§ **INPUT DATA**:

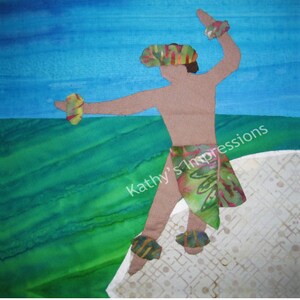 May include: Three fabric art panels featuring a hula dancer in a floral dress, a hula dancer in a patterned wrap, and a sea turtle swimming near a wave. Each panel displays the text Kathy's Impressions over a vibrant, multi-colored background.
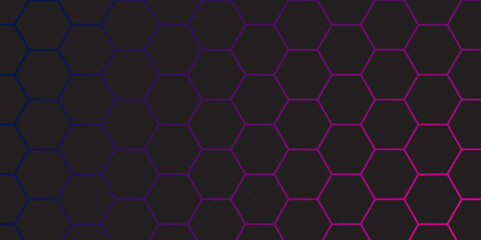 Abstract Futuristic Hexagonal Grid Background with Neon Purple and Pink Glow. Abstract Hexagonal grid background. 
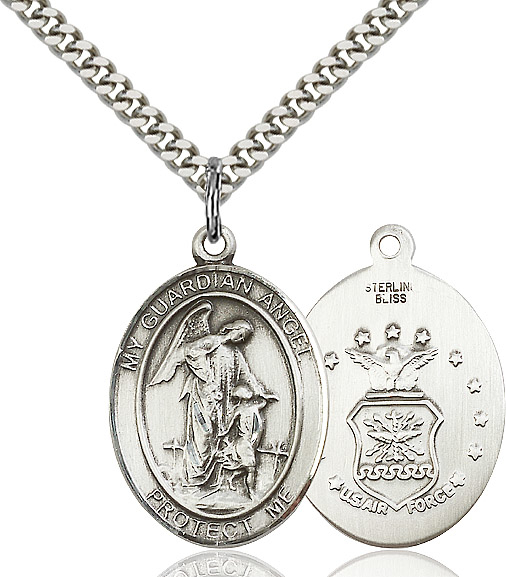 Sterling Silver Guardian Angel Air Force Pendant on a 24 inch Light Rhodium Heavy Curb chain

§ **TASK DESCRIPTION**: Every line above gets copied exactly; none of the pictures do.

§ **REPLY TO THE EXERCISE**:
 May include: Three fabric art panels featuring a hula dancer in a floral dress, a hula dancer in a patterned wrap, and a sea turtle swimming near a wave. Each panel displays the text Kathy's Impressions over a vibrant, multi-colored background.
 Abstract Futuristic Hexagonal Grid Background with Neon Purple and Pink Glow. Abstract Hexagonal grid background. 
 Sterling Silver Guardian Angel Air Force Pendant on a 24 inch Light Rhodium Heavy Curb chain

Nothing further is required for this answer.